Shalom (paix en hébreu), c’est bien le message que Paul-Henri Rips souhaitait partager avec les quelque 45 élèves des écoles secondaires Collège français et Saint-Frère-André en ce lundi 5 novembre à la Bibliothèque de référence de Toronto. La bibliothèque, en collaboration avec la Fondation Azrieli, avait invité, dans le cadre de la Semaine de l’éducation sur l’Holocauste, Paul-Henri Rips à raconter comment il a survécu aux persécutions qu’ont subies les Juifs durant la Seconde Guerre mondiale.

« C’est moi, quand j’avais 9 ans », déclare M. Rips quand il entre dans la salle en apercevant sa photo sur la couverture de son livre Matricule E/96. Pendant plus d’une heure, l’auteur va ensuite témoigner de sa rencontre brutale avec l’histoire en ce 10 mai 1940.

« Chic, pas d’école aujour-d’hui », songea alors le jeune Henri quand il fut réveillé par les premières bombes ce matin-là. L’enfance dorée du jeune garçon à Anvers ne présageait pourtant en rien des événements dramatiques qui allaient suivre. Jeune Juif de nationalité belge, M. Rips va voir son enfance bouleversée par la débâcle de 1940, les arrestations par les Nazis, une tentative d’évasion vers la ligne de démarcation et puis finalement la prison. Durant quatre ans, lui et sa famille devront se cacher pour ne pas tomber aux mains de la police allemande ou des collaborateurs. Malheureusement, six millions de ses coreligionnaires ne connaîtront pas le même sort et mourront dans les camps de concentration. Sa mère, sa sœur et sa grand-mère survivront, personne d’autre dans sa famille.

« Je n’y vois que des pierres tombales », constate avec tristesse M. Rips en répondant à la question de savoir s’il est retourné depuis en Belgique. Certains jours, M. Rips avoue qu’il est rempli d’amertume, mais il est aussi des jours où il est réconforté à l’idée que les futures générations n’auront pas les mêmes préjugés que ses contemporains. « J’espère que des voix s’élèveront pour dire : attendez un instant, tout ça est faux », insiste-t-il si jamais une vague de racisme voyait à nouveau le jour.

En entrant dans la prison de Bassines, le jeune Paul-Henri Rips choisit de nier qu’il était Juif quand un officier nazi lui posa la question. Sa réponse lui sauva la vie puisqu’il reçut alors le matricule commençant par E, voulant dire Entscheidungsnummer (numéro de décision) au lieu du T pour Transportnummer qui fut attribué à ceux qui allaient mourir dans les chambres à gaz. À la question de savoir à quoi il attribue sa chance d’avoir survécu, l’auteur préfère s’attarder sur le fait que le massacre des Juifs fut totalement insensé. « Un million et demi de petits enfants. Pourquoi? », demande-t-il à son auditoire. Chaque année, durant la première semaine de novembre, un certain nombre de manifestations prennent place pour marquer la Semaine de l’éducation sur la Shoah (terme hébreu qui désigne le génocide des Juifs).

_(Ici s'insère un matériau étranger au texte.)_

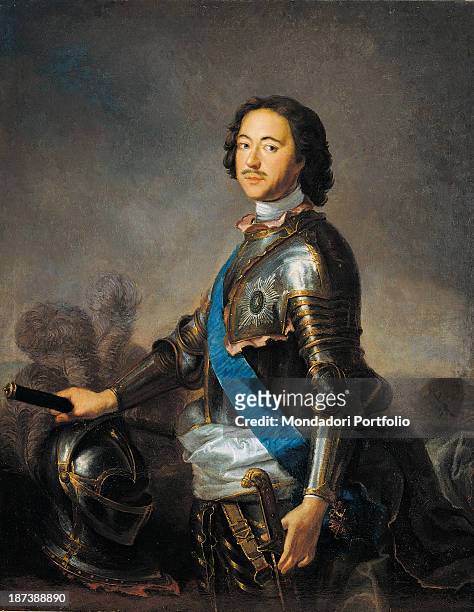 Russia, Moscow, Gosudarstvennyj Istoriceskij Muzej , All, The leader with moustache wears a suit of armor with helmet and sword, a blue sash and...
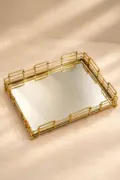 Gold Metal Railing Mirror Vanity Tray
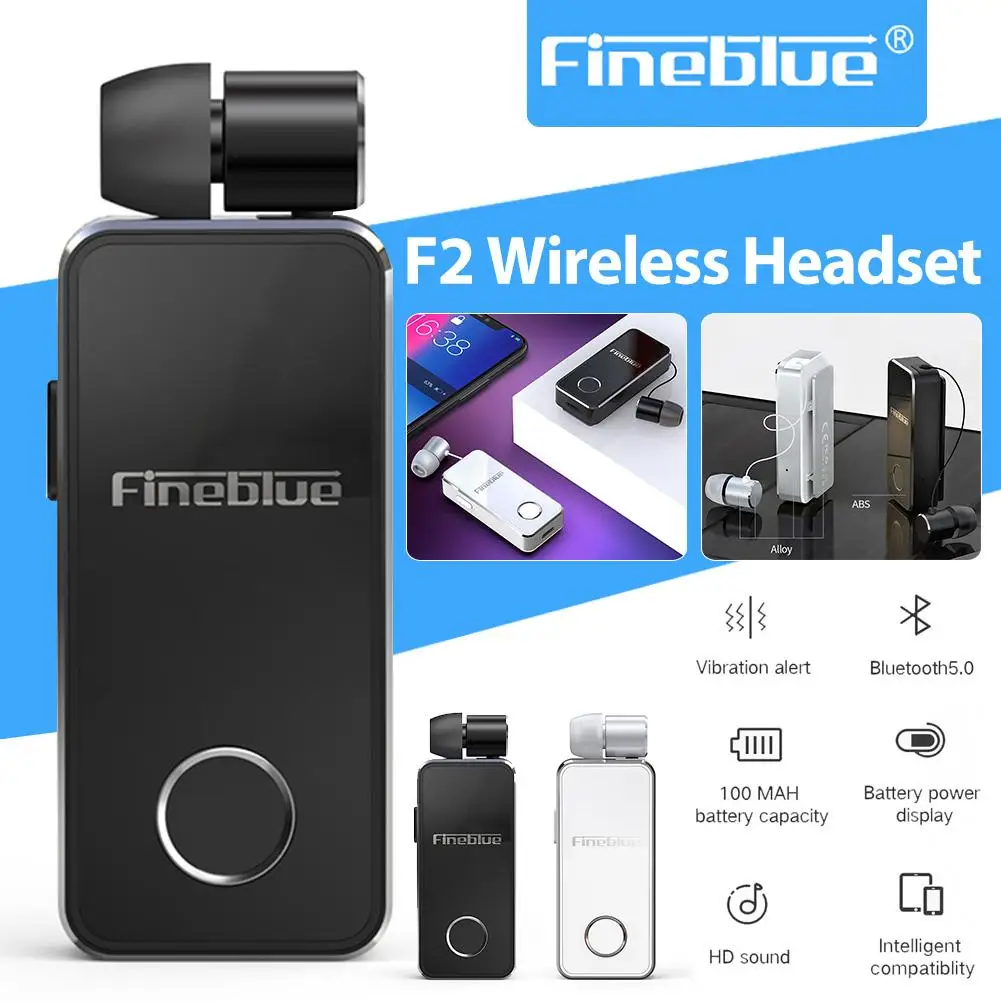 Оригинальные F2 беспроводные Bluetooth V5.0 наушники гарнитура вакуумные наушники бизнес клип-он с микрофоном HD Handsfree вибрационное оповещение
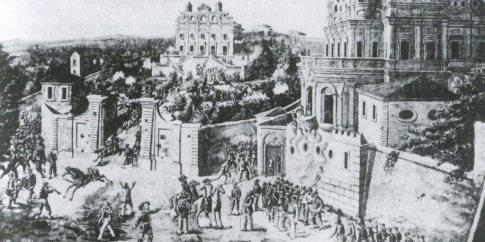 Leone Paladini - Veduta della Villa Giraud detta il Vascello e della Villa Corsini detta il Casino dei Quattro Venti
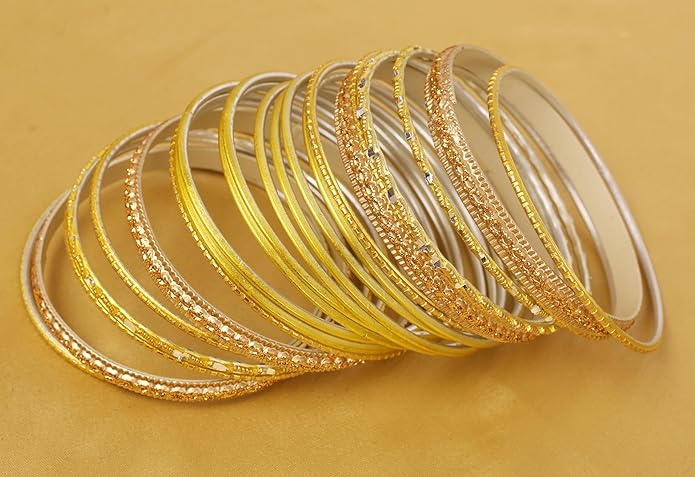 Touchstone Indian Metal Bangles for Women Gold Alloy Bracelets desi 2 Dozen Bangle Collection Bollywood Women's Jewelry Set Multi Stacking Wide Chunky Textured Golden Set of 24 in Gold or White Tone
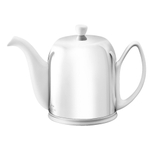 Чайник заварочный фарфоровый 1.5 л, с ситечком, колпаком из нержавеющей стали, белый, 211990, Salam, Guy Degrenne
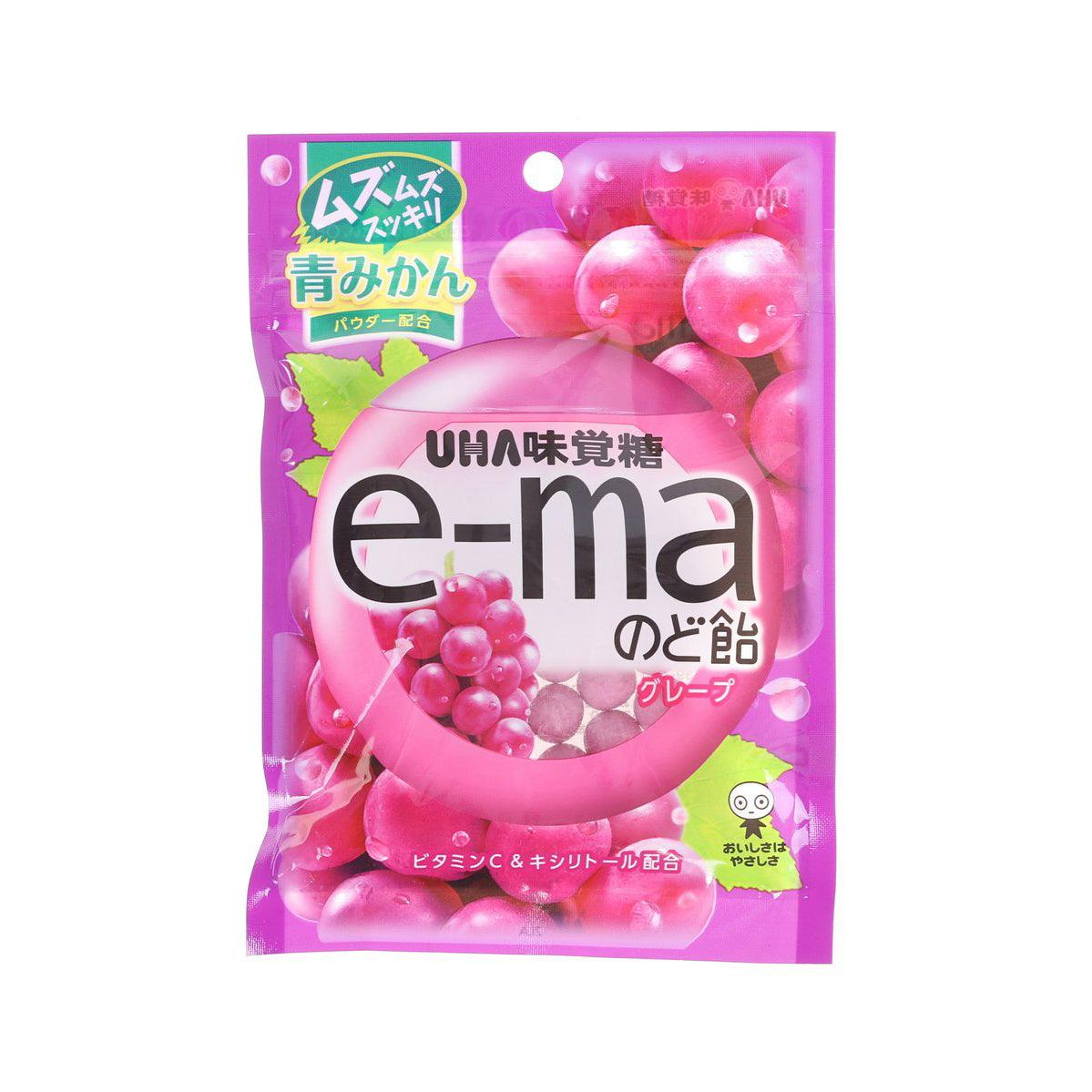 UHA e-ma grape throat candy bag, purple front with grape graphics and logo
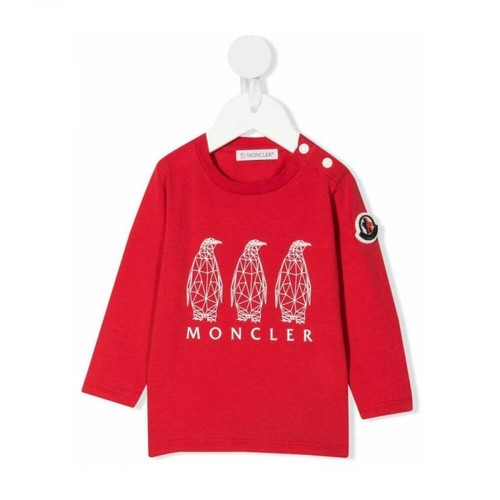 Moncler, Rubberized Graphic T-Shirt Czerwony, unisex, 522.26PLN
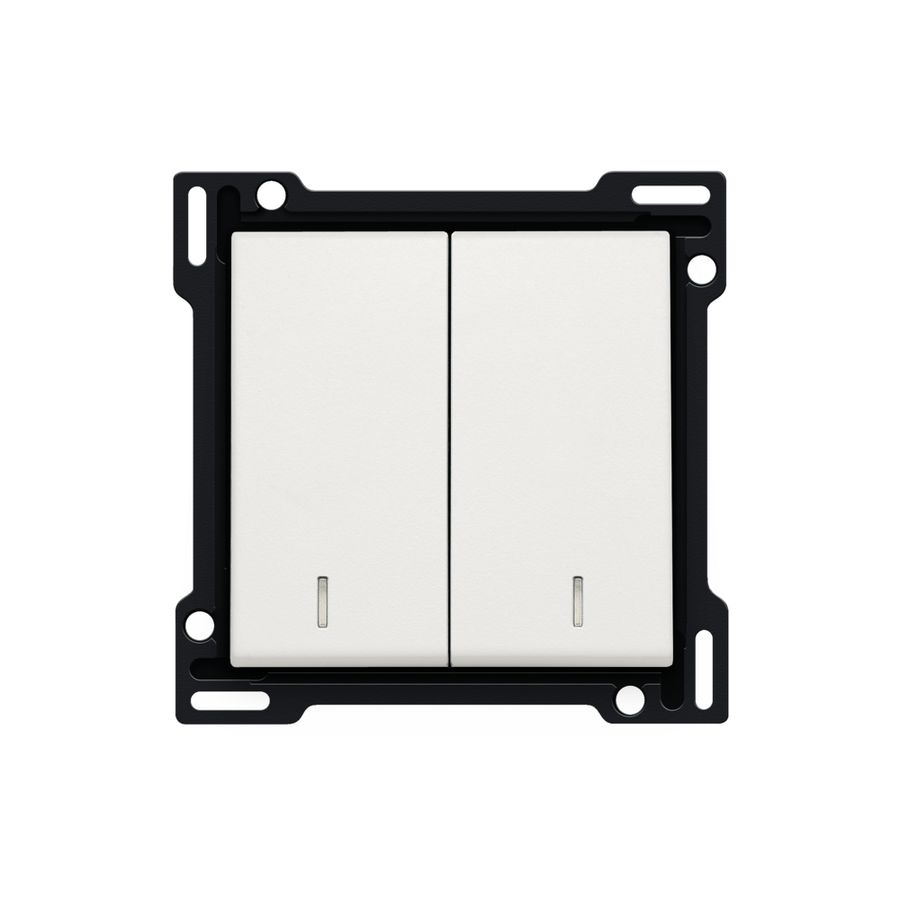 Afwerkingsset dubbele lens serieschakelaar white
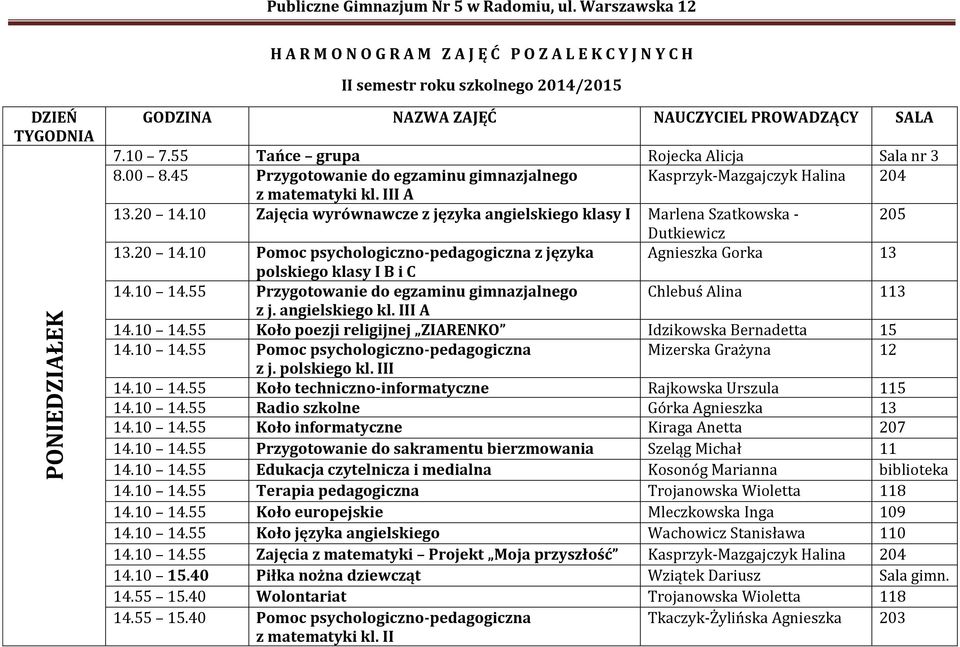 10 Zajęcia wyrównawcze z języka angielskiego klasy I Marlena Szatkowska - 205 Dutkiewicz 13.20 14.10 Pomoc psychologiczno-pedagogiczna z języka Agnieszka Gorka 13 polskiego klasy I B i C 14.10 14.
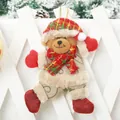 Cute plush Christmas bear ornament with red plaid hat and scarf for holiday tree decoration - Dancing Bear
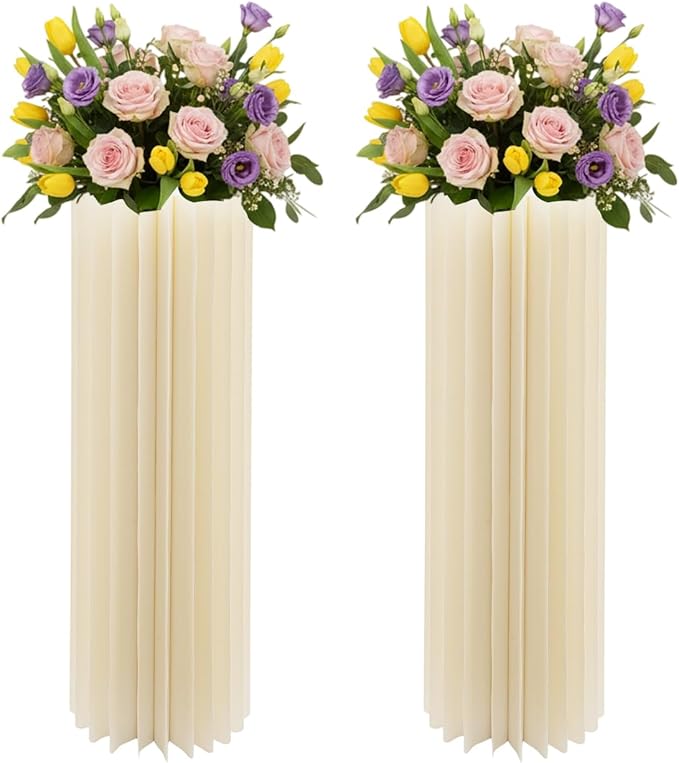 2Pcs Cylinder Flowers Stands, 39.37in Foldable Cardboard Centerpiece Display Pillars and Columns Display Pedestal Cake Stand, for Wedding Party Garden Decoration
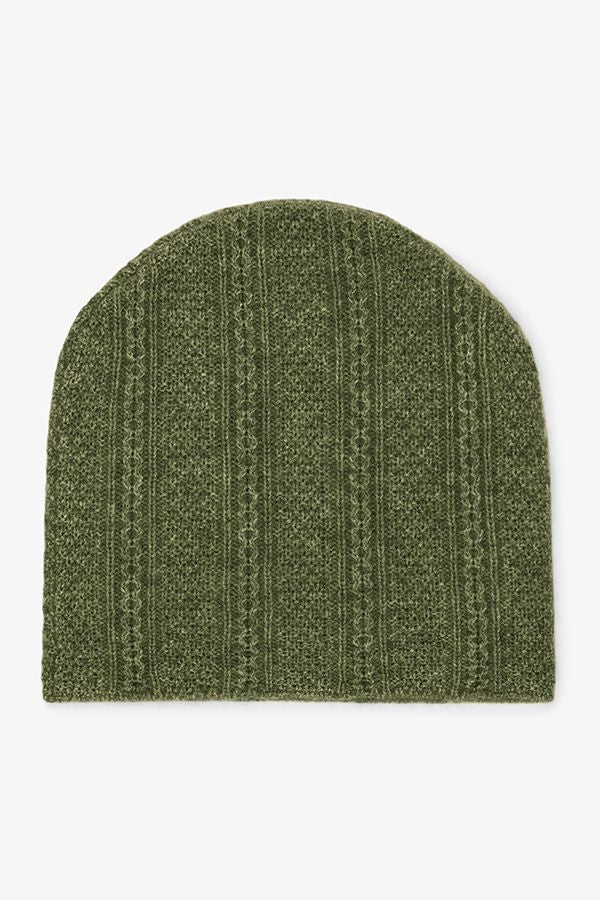 Packshot image of the Circle Cable Beanie—Cashmere in Olive | Grid | Exclude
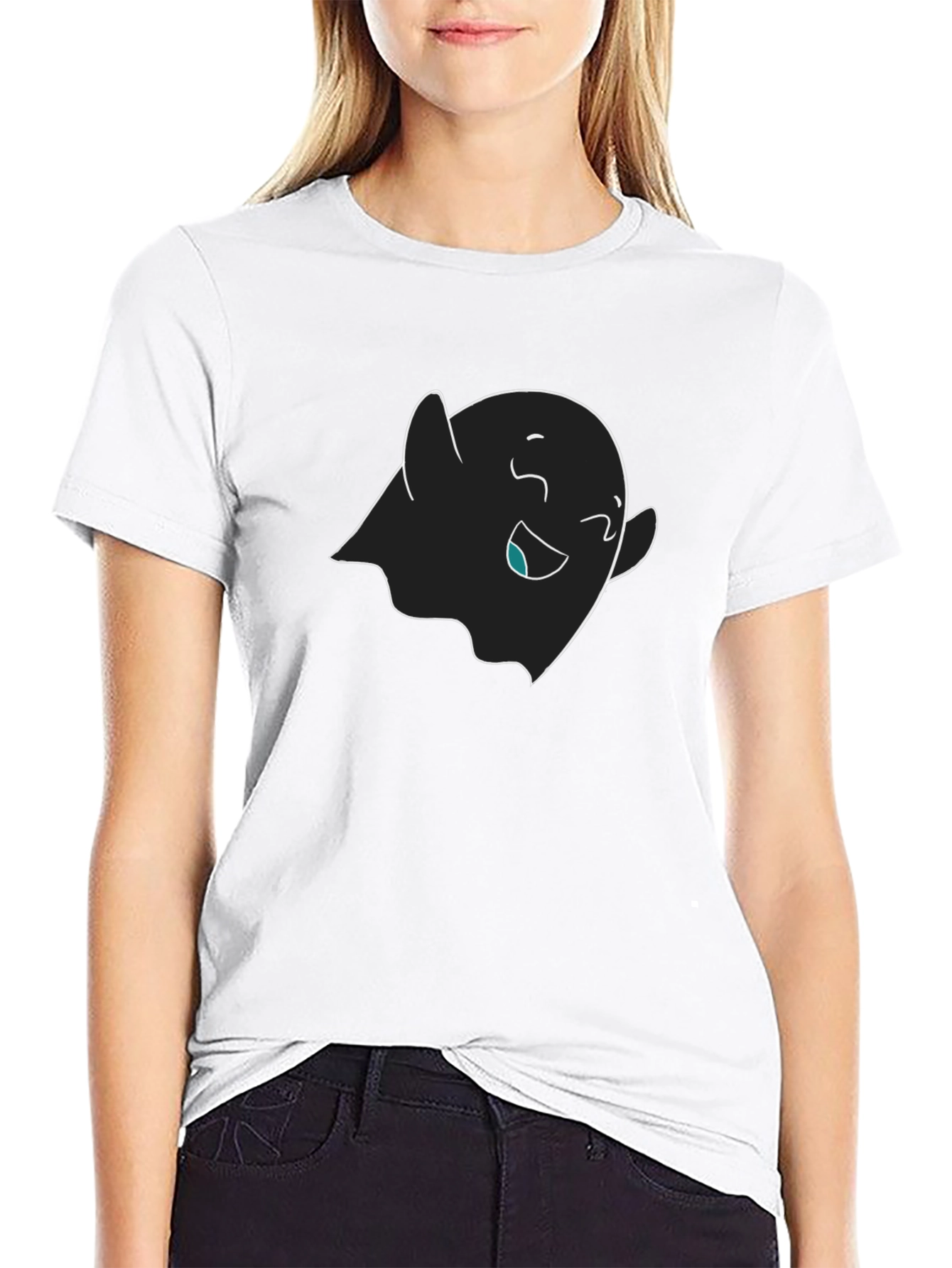 Cute Ghost Graphic Black T-Shirt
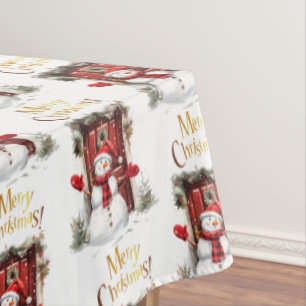 Weihnachten Snowman Gold Frohe Weihnachtsbeschreib Tischdecke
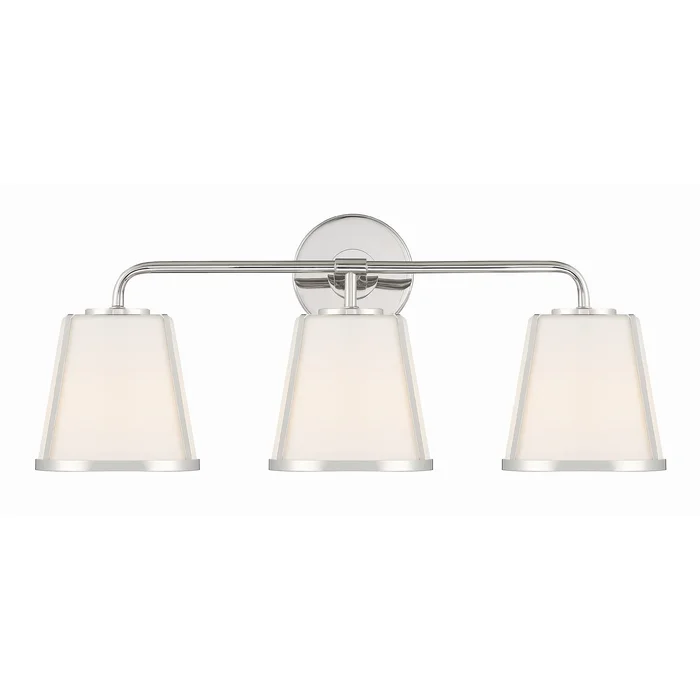 Fulton 3 Light Polished Nickel Bathroom Vanity White Glass 23.25″W x 9.25″H x 7.5″D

« Nous essayons de développer chez les jeunes l’esprit critique pour qu’ils puissent réagir s’ils sont mis en présence de n’importe quelle idéologie dangereuse », explique Aurélien Bonin, responsable de la recherche et de l’éducation à la Fondation Azrieli.

Le niveau d’attention dans la salle tout au long de la présentation, la pertinence des questions ainsi que la longue file d’attente pour recevoir une dédicace de l’auteur laissent présager que le message fut parfaitement compris par les élèves de 10e année. « Ils sont ignorants et ne savent pas de quoi ils parlent », avait dit à Henri Sœur Pidoue, une religieuse qui prit soin de lui, alors que d’autres enfants se moquaient de sa religion. M. Rips a choisi de consacrer la dernière partie de sa vie à combattre les préjugés, précisément parce qu’il en fut la victime durant son enfance.

Matricule E/96, Paul-Henri Rips, Collection Azrieli des mémoires de survivants de l’Holocauste, 2009.

Photo : Paul-Henri Rips, survivant de la Shoah.